I love you.
I’m sure you won’t forget that time I told you that it was always going to be you. How despite everything that has happened, how despite so many people to have come into our lives since then, how despite the many changes that you and I have had as individuals it’s always going to be you. And I know you haven’t forgotten that because that’s not something that anyone would just be able to forget. That’s not the kind of confession that someone would be able to push aside nonchalantly to the corners of their mind. That’s not a memory that anyone would be able to suppress. I meant it when I said it back then and I still mean it now. You matter so much to me. You occupy a space in my soul that no other person could possibly inhabit.
I told you that you had such a significant impact on my life to the point that I was changed forever because of you. I told you a lot of things, actually. And while those may have been difficult to process, I’m sure you tried your best to understand where I was really coming from. But I’m also sure that you didn’t. It would have been impossible for you to really grasp the subtext; the depth of the message that I was trying to convey to you. And it’s probably because I never said those three words. But I’m saying it now.
I love you.
I want you to know that I didn’t take an abrupt exit from your life just because I didn’t think that you were worth taking a chance on. I didn’t choose to end things just because I had a change of mind about your worth in my life. I didn’t withdraw myself from the narrative just because I had a change of heart. I didn’t make the conscious choice to exclude myself from your life because I stopped loving you. I never stopped loving you and I’m not sure I ever will. I only chose to walk away from you because I know it’s what you needed me to do. I walked away from us because that’s really the only thing you deserved from me freedom. I knew that if I forced my love on you, you would completely lose your freedom.
I would have loved you too much; almost to the point of making you feel suffocated and controlled. I would have loved you too much to the point where it would have been overbearing. I would have loved you to the point of fear where I would be too afraid of losing you and so I would try my best to isolate you from anyone else. And I didn’t want that for you. I didn’t want to do that to you. I didn’t want to have to force you to love me the way that I love you. And I knew it was impossible for you to ever love me the way that I love you on your own accord. Because as much as I would have loved for you to fall in love with me the way that I want, I love you more when you’re just being yourself.
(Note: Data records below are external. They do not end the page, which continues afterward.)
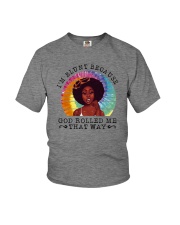 I'M BLUNT BLACK GIRL Youth T-Shirt tile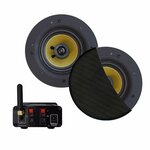Bluetooth-Audio Versterker Aquasound Airplay + DLNA 50W Inclusief Speakerset Aquasound Rumba 120 mm Wit Aquasound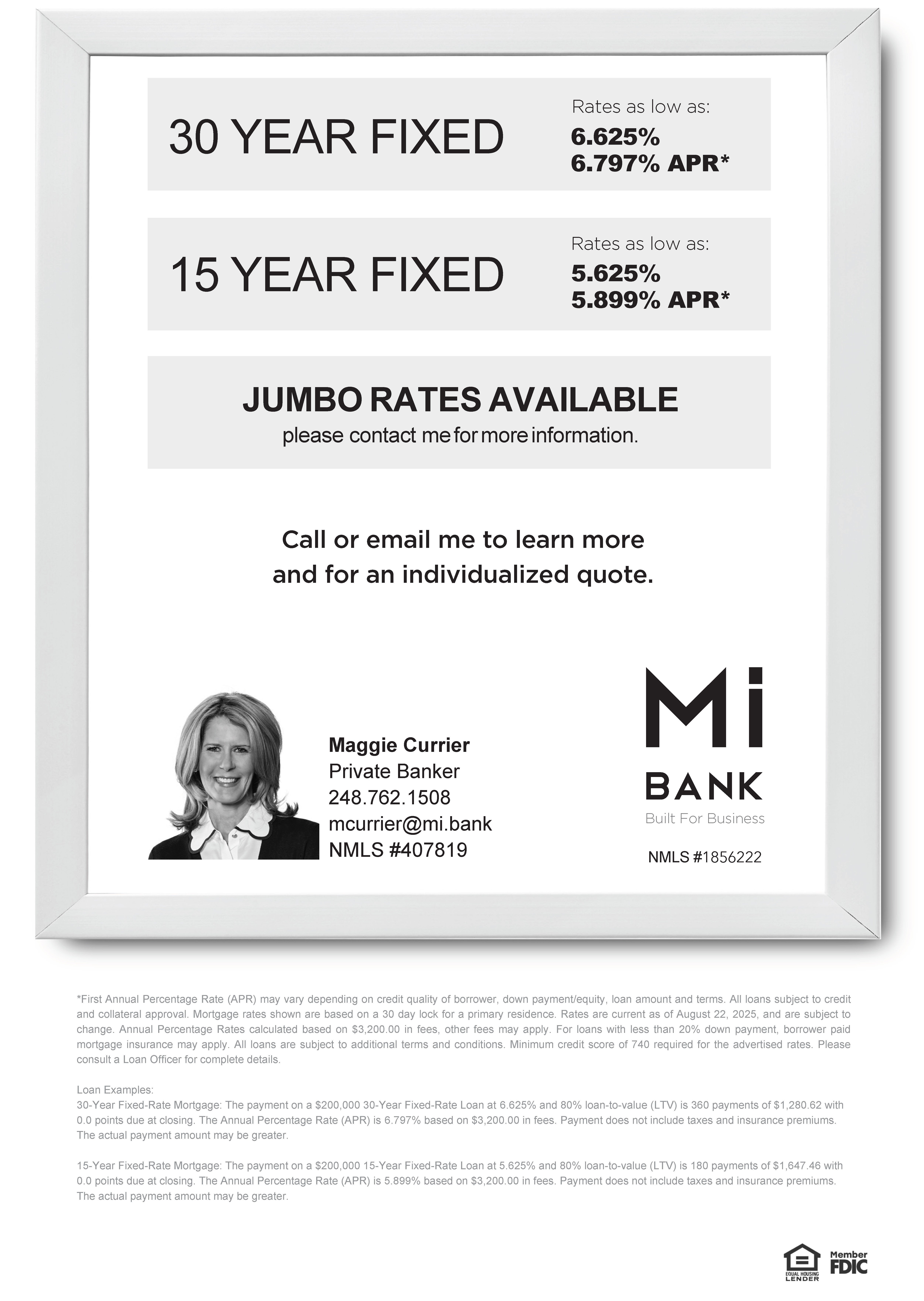 Current Mortgage Rates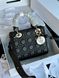 Жіноча сумка Christian Dior Small Lady Dior My ABCDIOR Bag Black Premium re-10568 фото 4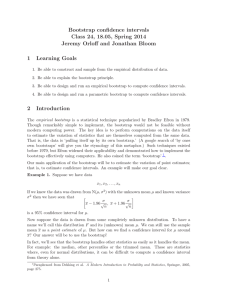 Bootstrap Confidence Intervals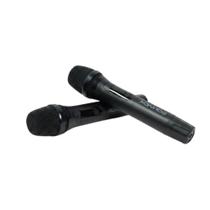 2 Microfones Sem Fio UHF Polyvox XM15P Preto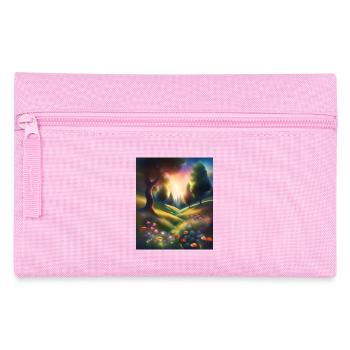 Magnifique conception graphique de forêt - Trousse - rose - Devant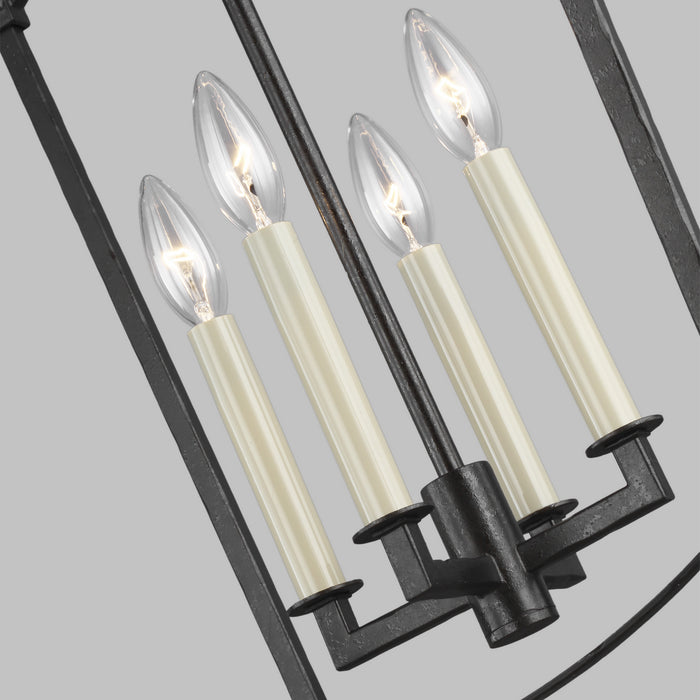Four Light Lantern from the Thayer collection in Smith Steel finish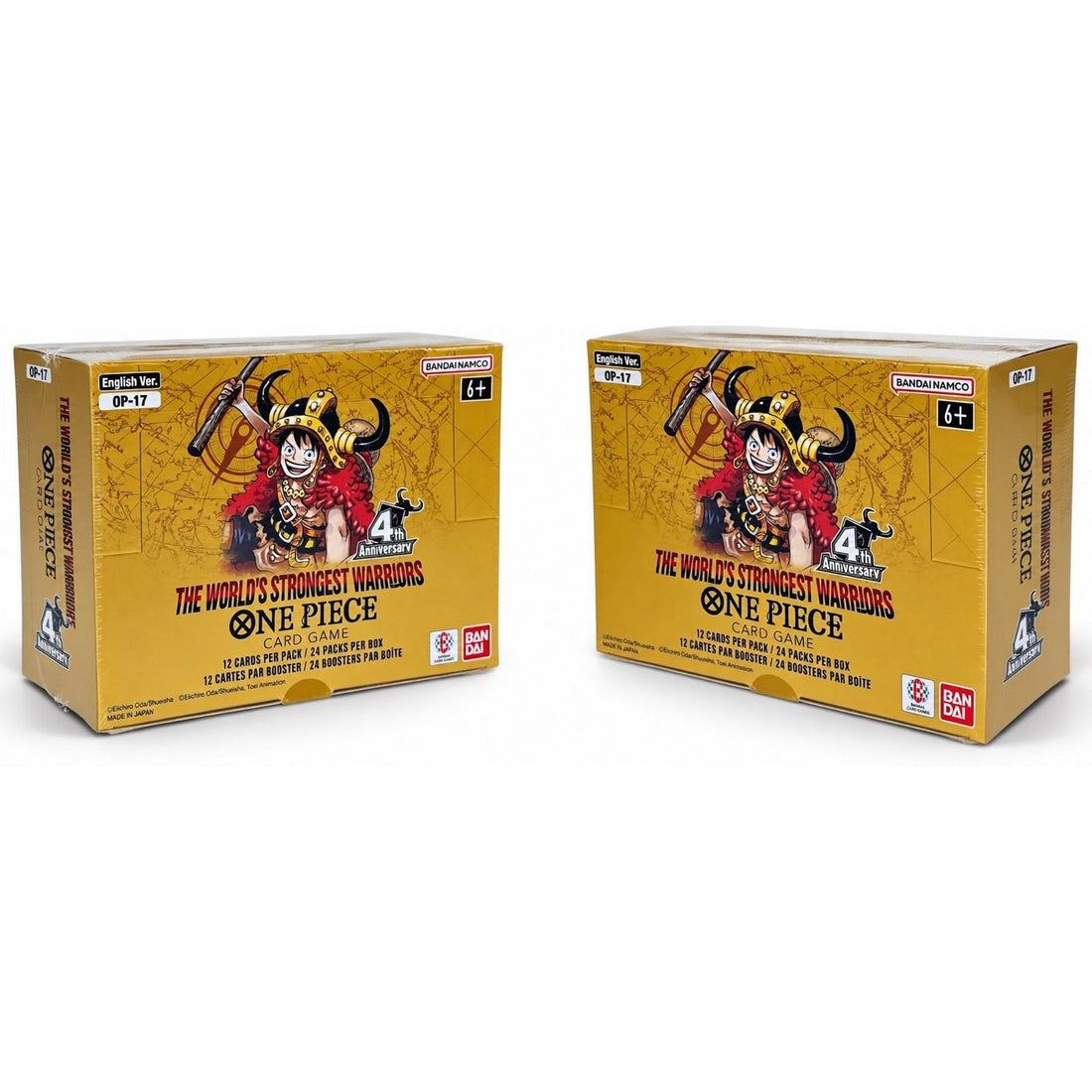 One Piece Card Game OP-17 World’s Strongest Warriors English Booster Sealed Box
And you wouldn’t be yourself if you felt coerced to fall in love with me as well. I wanted you to be your own person the person I fell in love with; the person I’m still in love with. I love you so much to the point where I’m always going to be willing to place your own personal happiness above my own. I love you too much where I would willingly let myself get hurt just to make sure that you never have to feel pain for the rest of your life. I love you too much so I’m just going to let you go even though I want nothing more than to keep you safe and secure in the warmth of my embrace.
It’s painful but I know that it’s what’s right.
And at the end of the day, I think that that’s the true essence of love. It’s not always going to be about getting what you want or doing whatever you like. Ultimately, love is always going to be about what feels right and it wouldn’t have felt right for me to force things between us. And I find myself stuck in this paradox of loving you and it’s that love precisely that is keeping me from forcing you to be with me.
I have to be strong with my convictions on this. I can’t turn back now. And I don’t want to. I love you and that’s never going to change. And so I also know that that means that we are probably never going to be together; and that’s okay.